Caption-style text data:

----------------------------------------

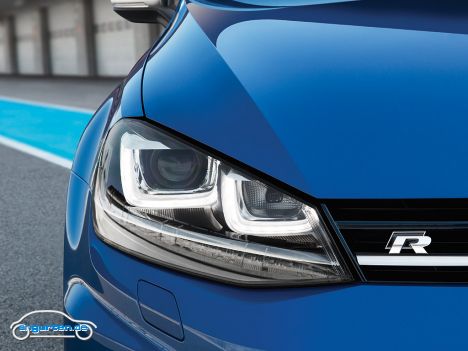 VW Golf VII R - Xenon-Licht und Tagfahrlicht in der neuen U-Form sind beim Golf VII R selbstverständlich …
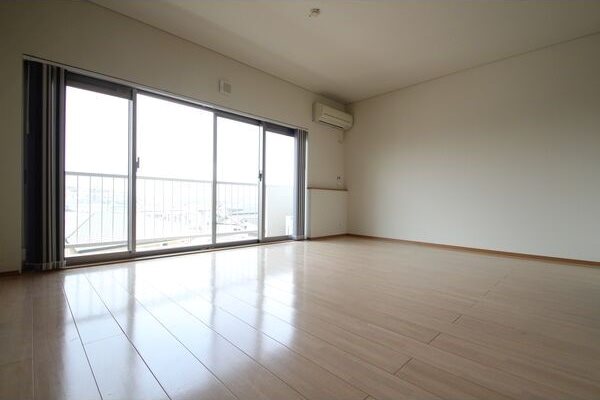 居室・リビング　実際と異なる場合には現況優先です。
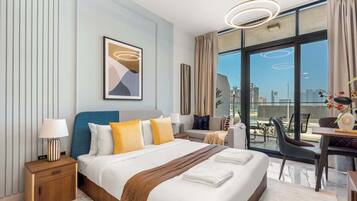 Desk, iron/ironing board, WiFi, bed sheets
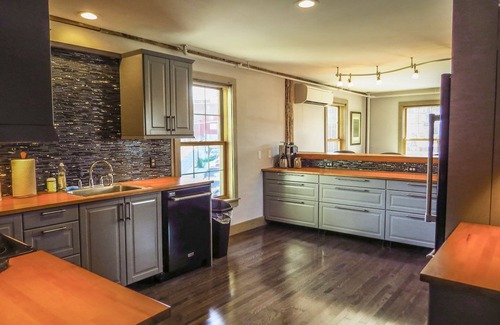 Belfast Apartment | No hidden cleaning charges. Huge 3bd/3ba apartment with tons of waterviews.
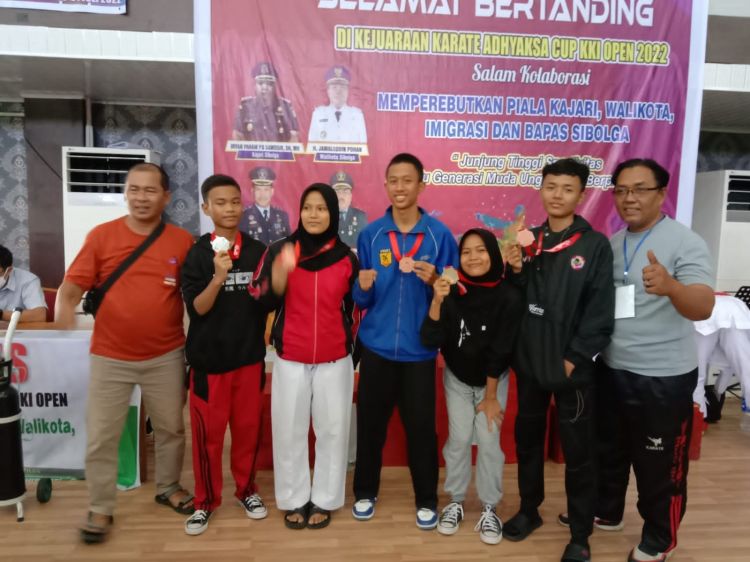Dojo Platinum Raih 3 Perunggu dan 1 Perak Kejuaraan Karate Adiyaksa Cup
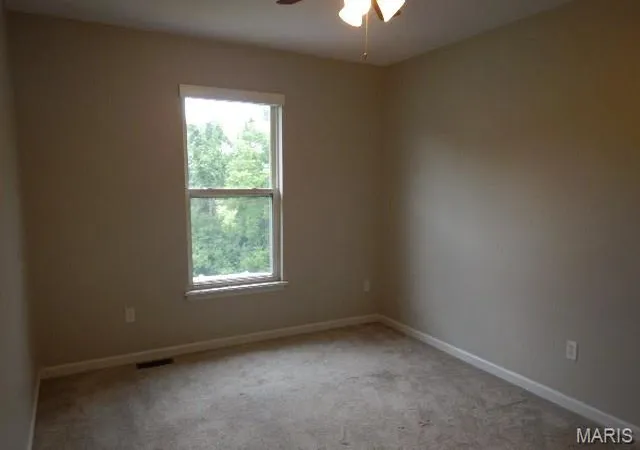 14th image of 887 Home Park Dr, St Peters, MO 63376 | MLS# MIS26034814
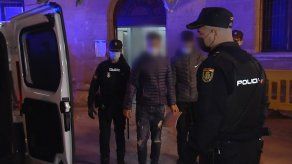 Prisión para 12 detenidos por huir de avión durante escala en Mallorca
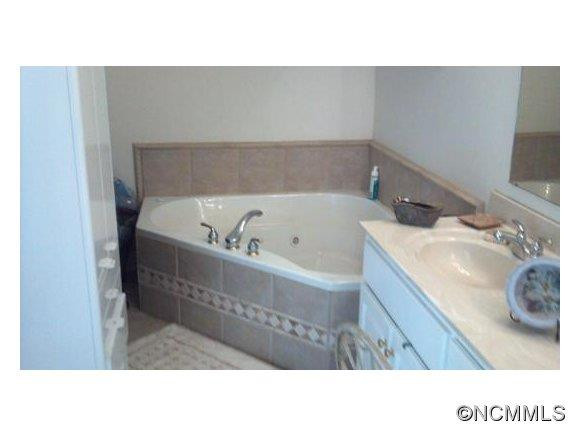 23A Bear Cliff Village Dr - Photo 13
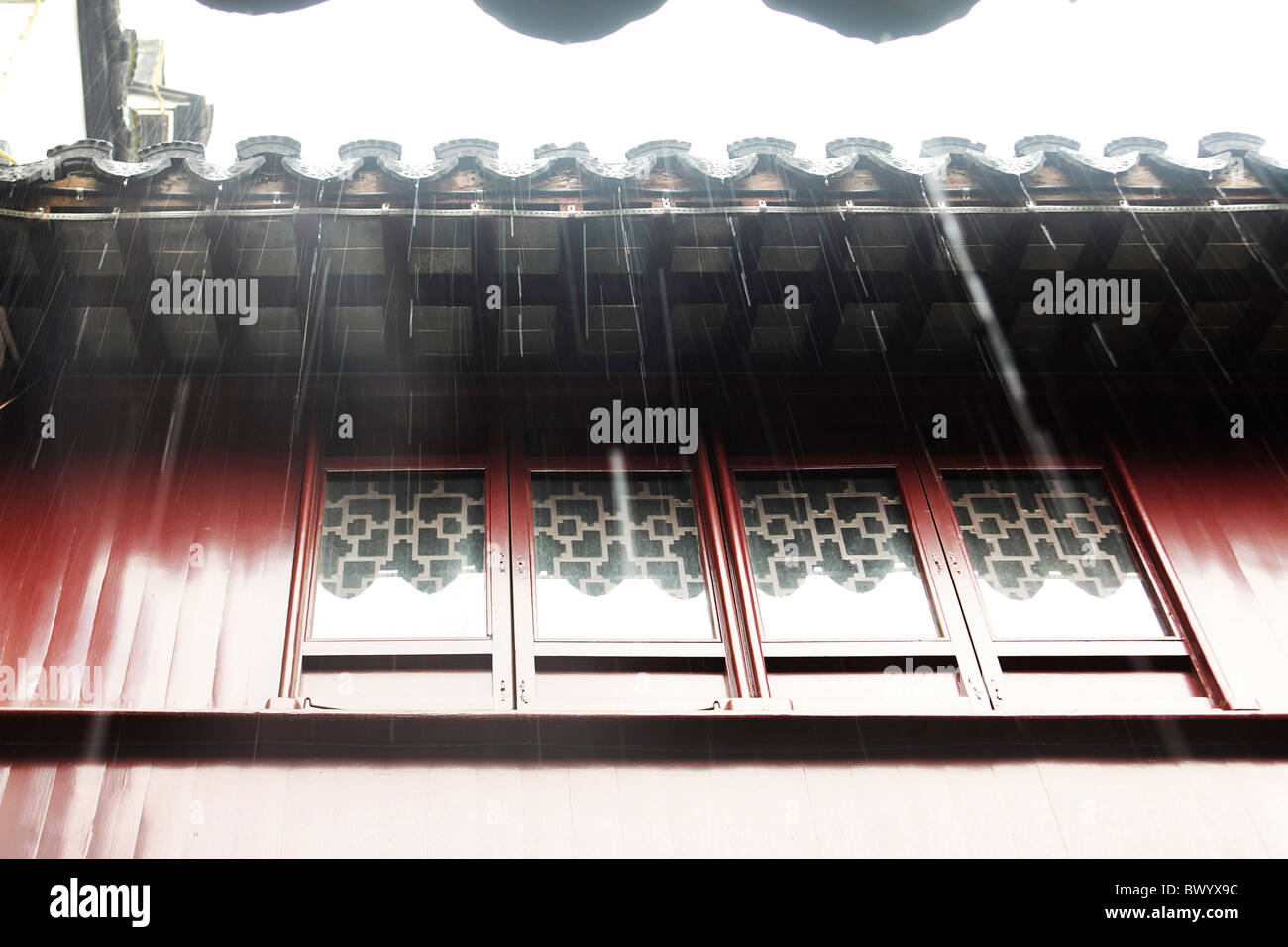 Traditional chinese window lattice hi-res stock photography and images ...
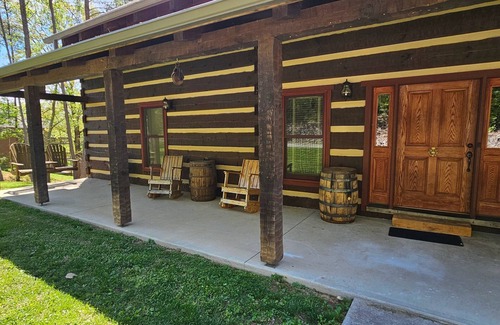 Bronston Cabina | Walk to the water log cabin, access to dock, hot tub, fire pit, grill, spacious
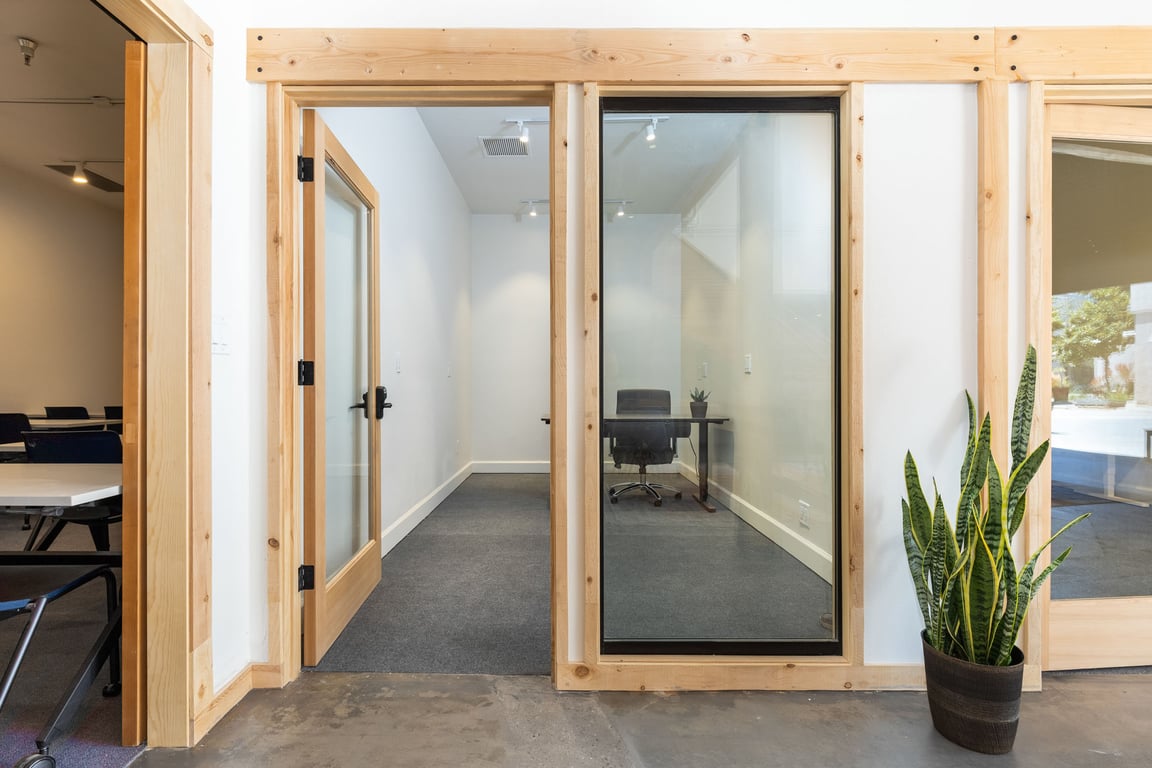 An interior shot of Office For The Day @ THE SANDBOX Goleta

----------------------------------------

> What the task requires
Would you output only the span of the records above that opens with the line containing "居室・リビング　実際と異なる場合には現況優先です。" and closes with the line containing "Traditional chinese window", ends included and pictures dropped?

> The answer
 居室・リビング　実際と異なる場合には現況優先です。
 Desk, iron/ironing board, WiFi, bed sheets
 Belfast Apartment | No hidden cleaning charges. Huge 3bd/3ba apartment with tons of waterviews.
Dojo Platinum Raih 3 Perunggu dan 1 Perak Kejuaraan Karate Adiyaksa Cup
 14th image of 887 Home Park Dr, St Peters, MO 63376 | MLS# MIS26034814
 Prisión para 12 detenidos por huir de avión durante escala en Mallorca
 23A Bear Cliff Village Dr - Photo 13
 Traditional chinese window lattice hi-res stock photography and images ...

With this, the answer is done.